En droit, il existe une exception pour bénéficier de l’aide juridictionnelle, sans pour autant en remplir les conditions normales d’attribution : avoir une situation particulièrement digné d’intérêt au regard de l’objet du litige.
Alors comme j’ai un énorme égo (et aussi autre chose qui est énorme par la taille, mais que ces dames comparent et commentent déjà suffisamment dans les salons chics et huppés du tout-Savigny pour que j’ai besoin d’en parler ici), j’ai écrit au premier président de la Cour d’appel de Paris, et je lui ai dit :
OK, j’ai trop de patrimoine, MAIS j’ai une affaire tout particulièrement digne d’intérêt.

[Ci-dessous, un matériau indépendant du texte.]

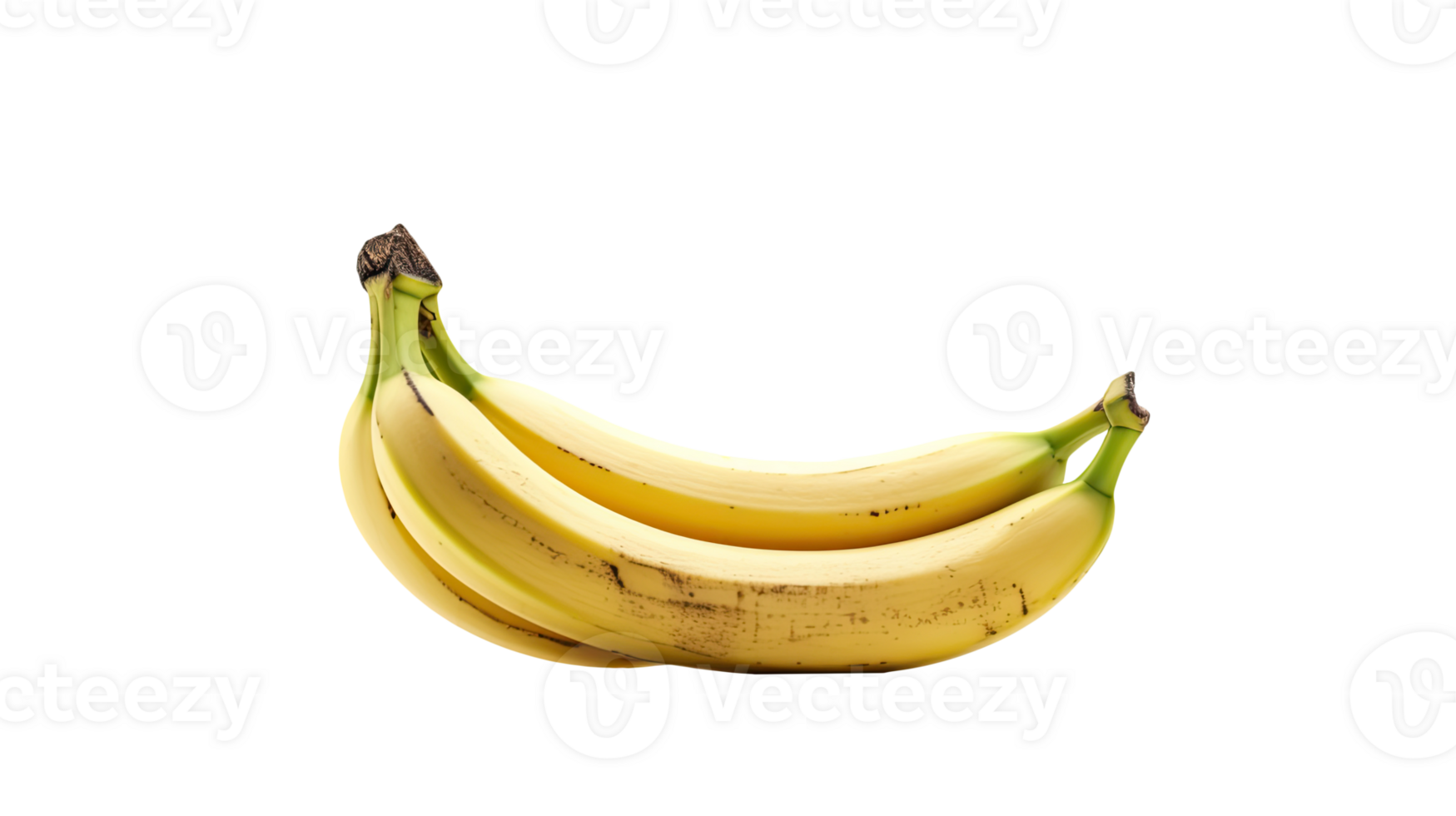 Closeup Yellow Banana Bunch on Transparent Background. Illustration. png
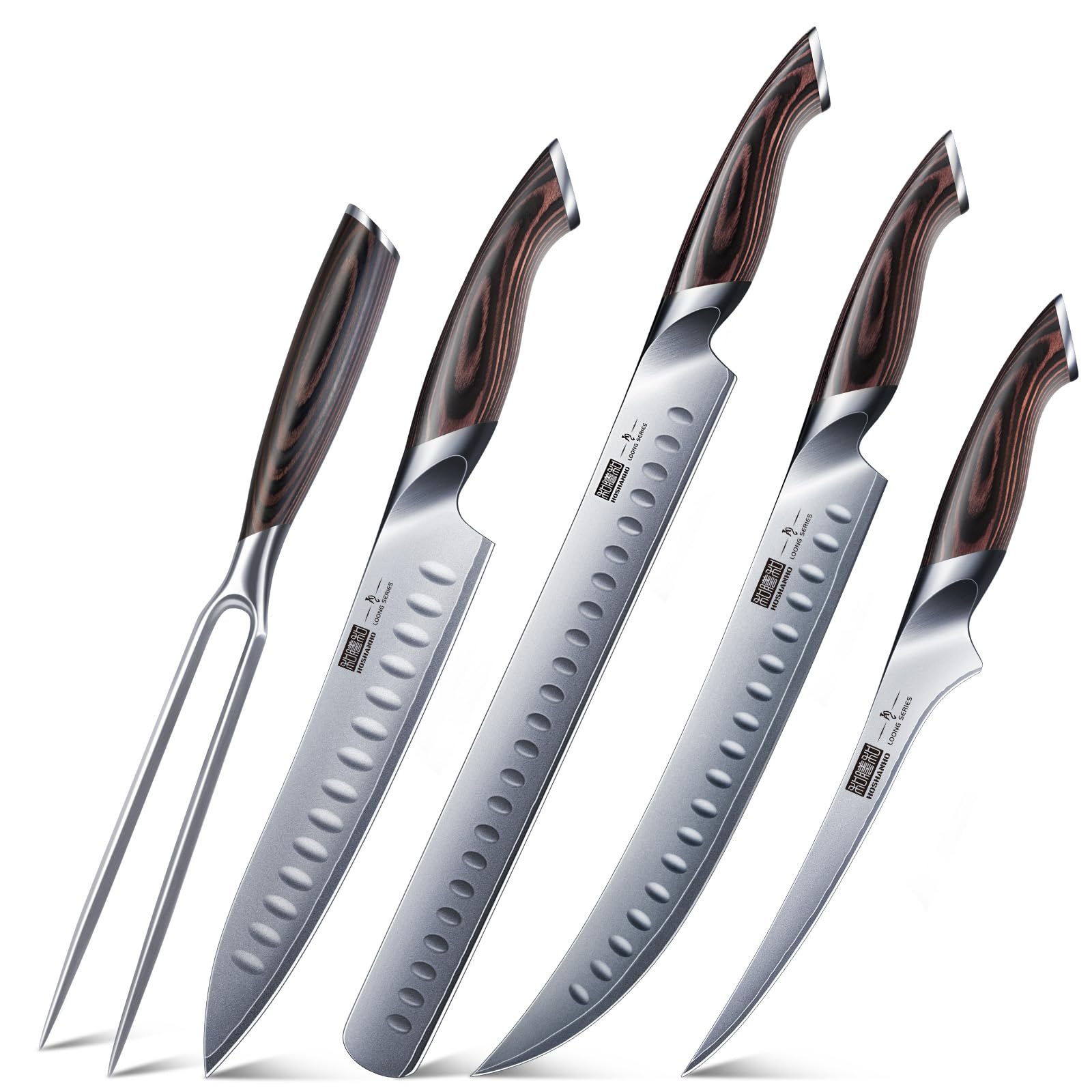 HOSHANHO Carving Knife Set 3PCS, Japanese High Carbon Steel Brisket Slicing Knife Sets wi…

Je vous ai mis les pages pertinentes de mon recours en bas d’article.
Et il semblerait bien que j’ai réussi à le convaincre !
Prenez maintenant un instant pour imaginer la gueule de TEILLET en mairie, lorsqu’il va l’apprendre !!!
Je pense que le premier président de la Cour d’appel de Paris a surtout bien aimé mon :
« dont le but assumé par le maire demandeur à l’affaire est de m’assécher financièrement, pour me décourager politiquement. » (page 6 sur 8)
Par une ordonnance du 8 octobre 2024, le premier président de la Cour d’appel a infirmé la décision du bureau d’aide juridictionnelle du tribunal judiciaire de Paris du 29 juillet 2024, qui m’avait refusé l’aide juridictionnelle,
et attendu que ma situation apparaît particulièrement digne d’intérêt,
je pense que j’ai réussi à faire ressortir dans mes écritures que c’est TEILLET qui instrumentalise une procédure personnelle aux frais de la mairie,
m’a octroyé une AIDE JURIDICTIONNELLE TOTALE, PRISE EN CHARGE À 100 % PAR VOS IMPÔTS !
Blague à part, je l’ai sûrement obtenue parce que j’avais mis le logo de la Commune sur mon recours !!!